The Congress, Delhi's 7-0 winner of the 2009 Lok Sabha polls, has had a strong hold in all parliamentary constituencies of the Capital but could face the ignominy of being placed third in some. If the Assembly poll results are anything to go by, the Congress found a stiff opponent in AAP - a party it had grossly downplayed in December. The writing is on the wall now: the Congress would do well to get one seat in the Capital, and two or more would be a miracle.

 

The BJP's Delhi candidates are the happiest lot, confidently riding the "Modi wave". All seven BJP candidates have been conducting intensive campaigns to woo voters, mostly in prime ministerial candidate Narendra Modi's name. So much so that while seeking votes, they have urged voters to vote for Modi. Streets across the Capital are awash with hoardings of Modi; the BJP seems to have tonnes of publicity material. Keeping in mind prevalent caste equations and voting patterns across Delhi, the party has fielded relatively popular faces from all constituencies except the New Delhi and East Delhi seats - where party spokesperson Meenakshi Lekhi and Maheish Girri are the candidates respectively.

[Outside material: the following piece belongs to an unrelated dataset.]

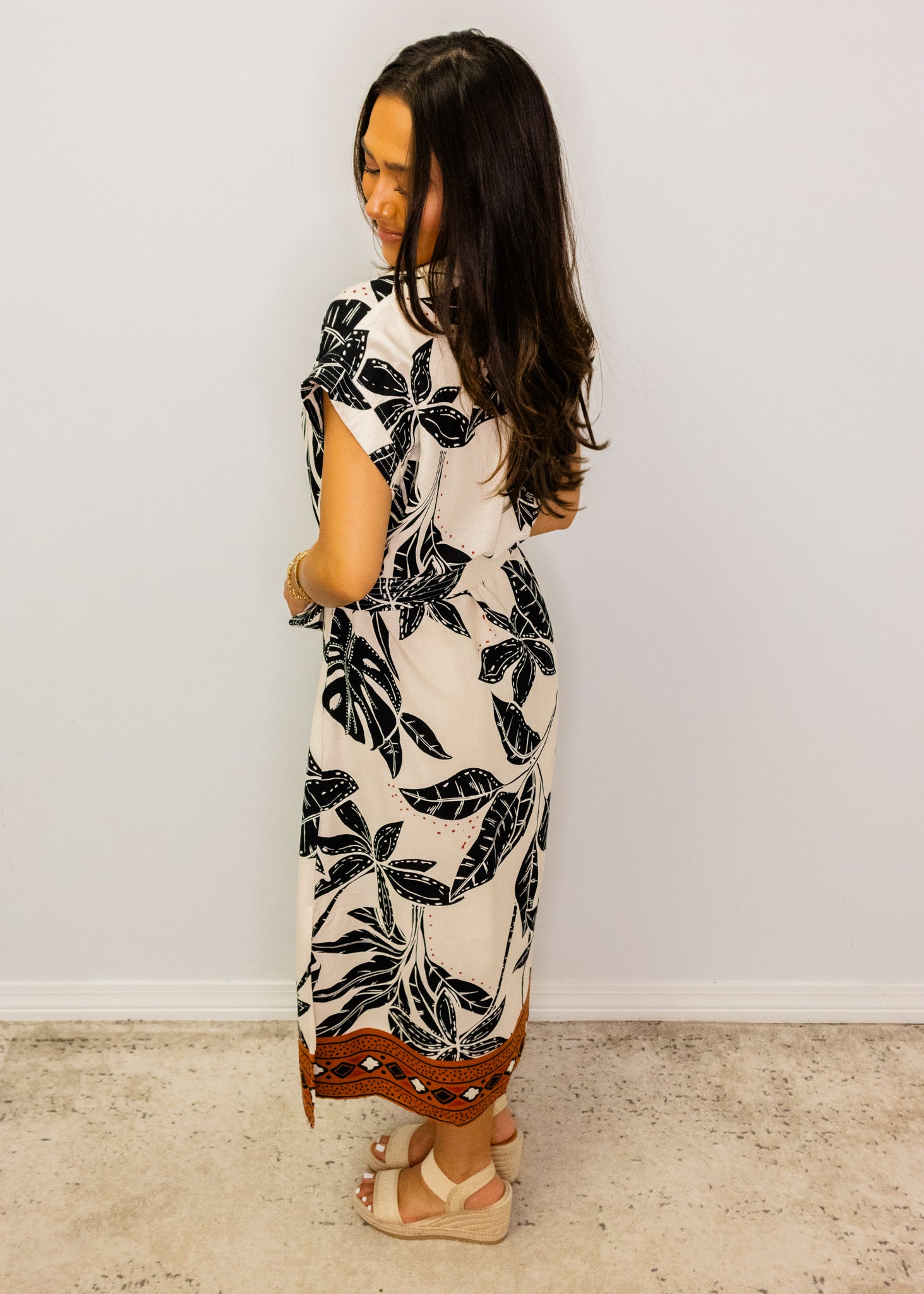 Tropical Multi Print Linen Blend Dress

Considering that the Congress is already suffering from an antiincumbency feeling and a general negative sentiment across Delhi, most of BJP's campaigns have been a direct attack on AAP. From door-to-door campaigns to street plays, the BJP has gone all out to break AAP's spell in all its perceived strongholds. To break the myth of Muslim voters being marginalised, BJP patriarch L.K. Advani went all out and addressed a gathering at Chandni Chowk - which has a 15 per cent Muslim voter base.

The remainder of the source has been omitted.